"Odd! my verra heart lap to my mouth whan I gat the glisk o' something
mair like a red stirk than ought else muve off the redd. I fand my hair
creep on my heid. I minded it was the Sabbath, and I sudna hae been
there. It micht be a delusion o' the Enemy, if it wasna the de'il
himsel'."
All that peaceful Sabbath day Tam's meditations were disturbed by
visions of great salmon. And as at family worship that night his master
read aloud from "the Word," Tam quaked to realise that no syllable had
penetrated his dulled ears, but that, with the concluding solemn "Amen,"
had come to his mind the resolution to clip the wings of the Sabbath,
and at all costs to capture that fish before anyone could forestall him.

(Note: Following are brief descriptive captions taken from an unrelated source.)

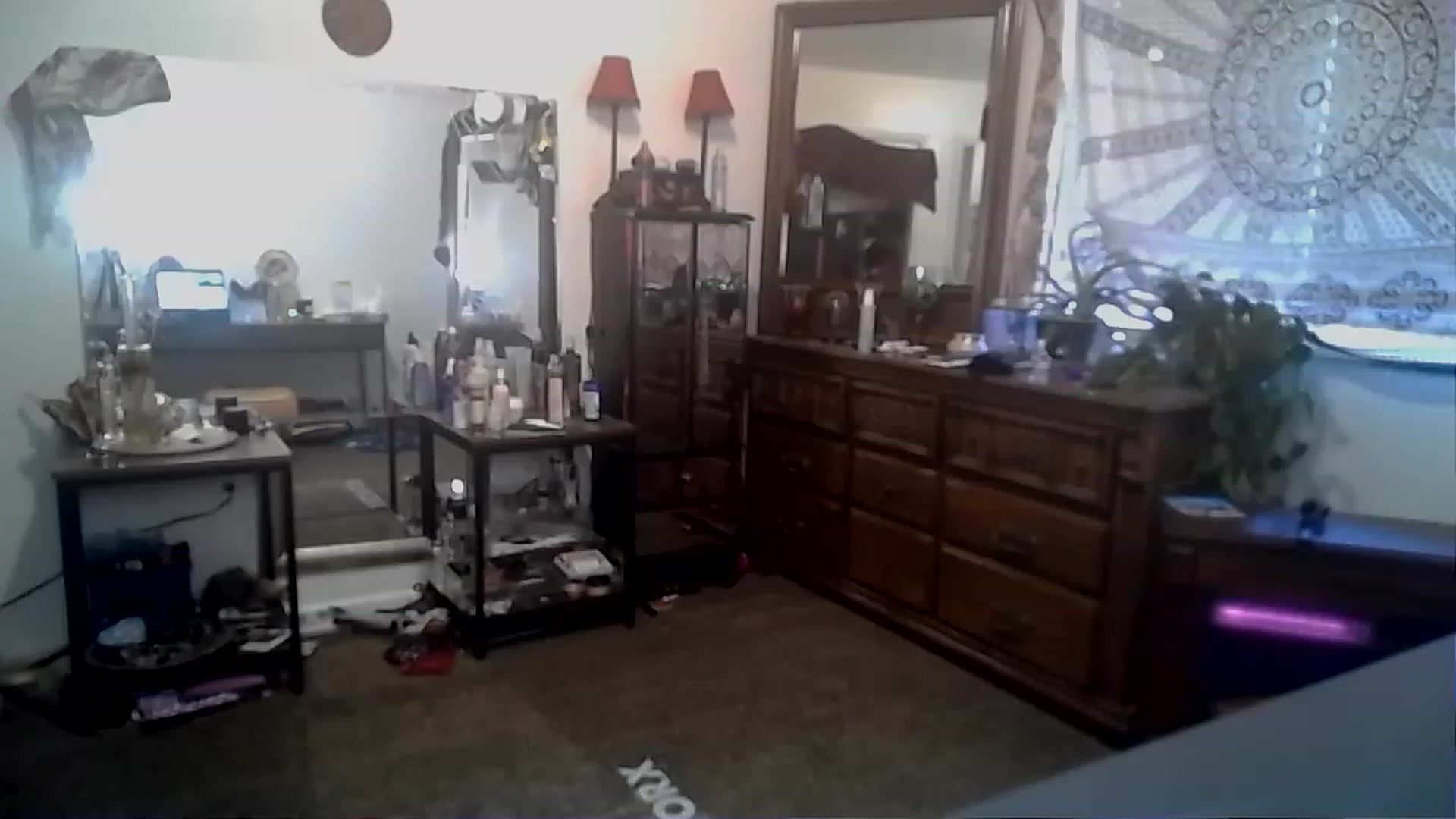 Gallery image thumbnail from Fanny__Mandy's myfreecams stream on, 11/21/2022, 15:36 image 13 of 20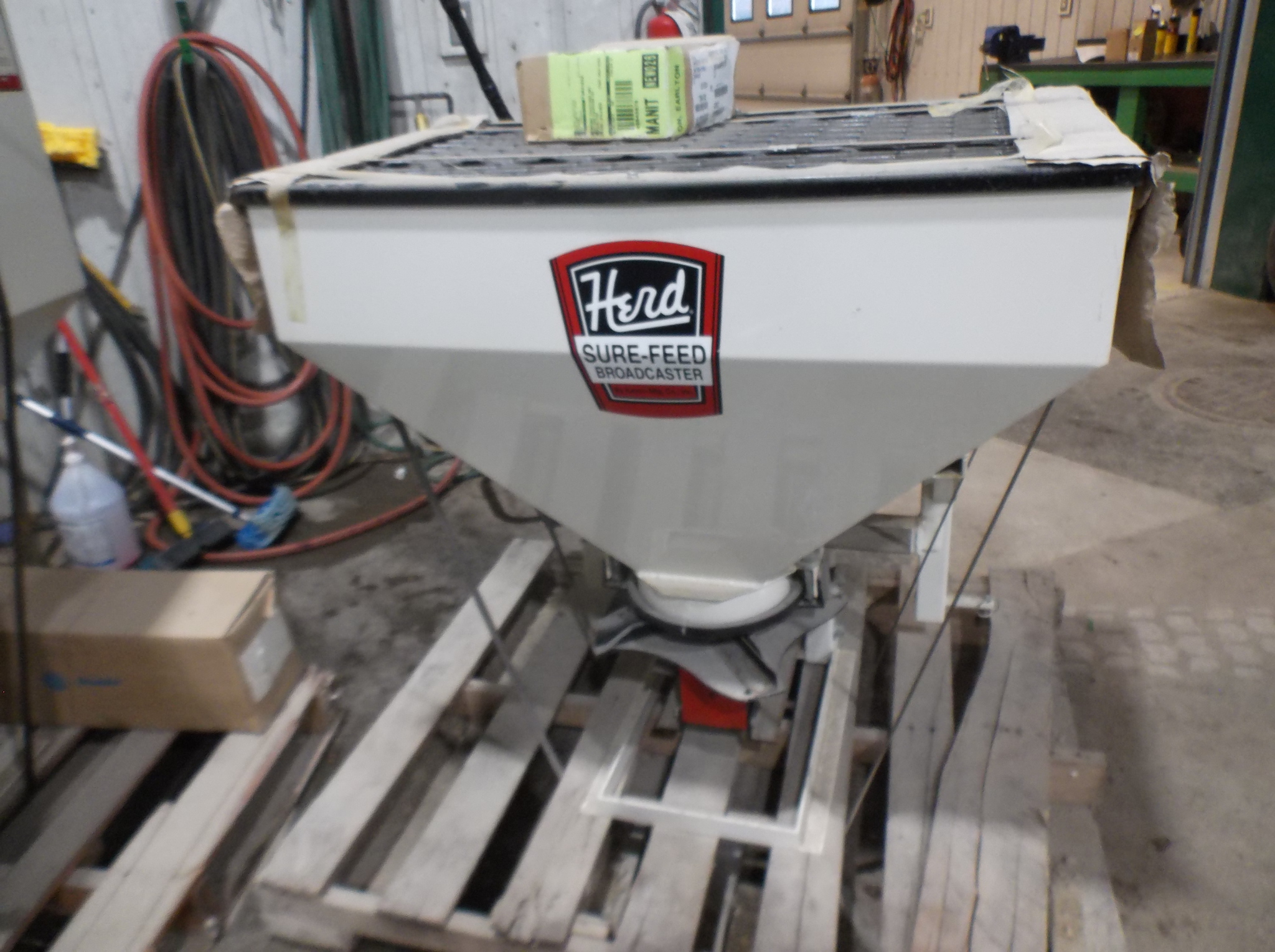 2020 HERD 5.5W-SS Image 1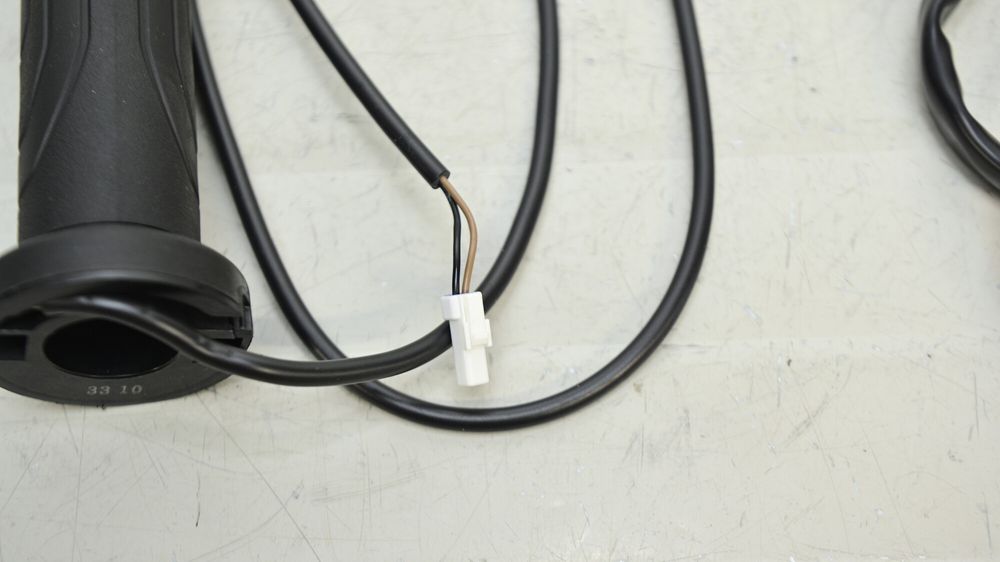 Maneta Manson Acceleratie Si Manson Stanga Incalzit Ducati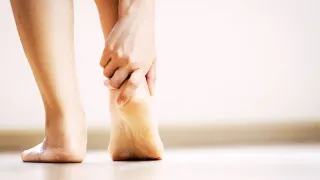Is it OK to keep walking with PLANTAR FASCIITIS?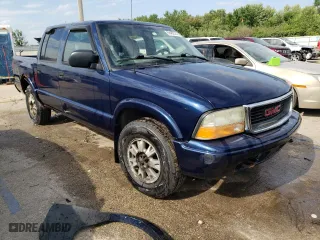 2002 GMC Sonoma SLS with VIN 1GTDT13W42K198720, listed as a Copart auction lot 59402374 with 106,175 mi miles and Salvage Title. Bid and sale history available at carsss.com. Image 4.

According, as soon as his too ardent mind judged that the hands of the
clock must be drawing near to midnight, Tam arose, and, rousing a farm
boy to bear the light for him as he struck, with "clodding waster" in
hand set off for the river. Now this clodding waster (or leister) was a
possession of which Tam was inordinately proud; amongst his friends its
temper and penetrating power were proverbial. It had been made for him
by the Runcimans of Yarrowford, smiths celebrated far and wide for the
marvellous qualities they imparted to all weapons made by them.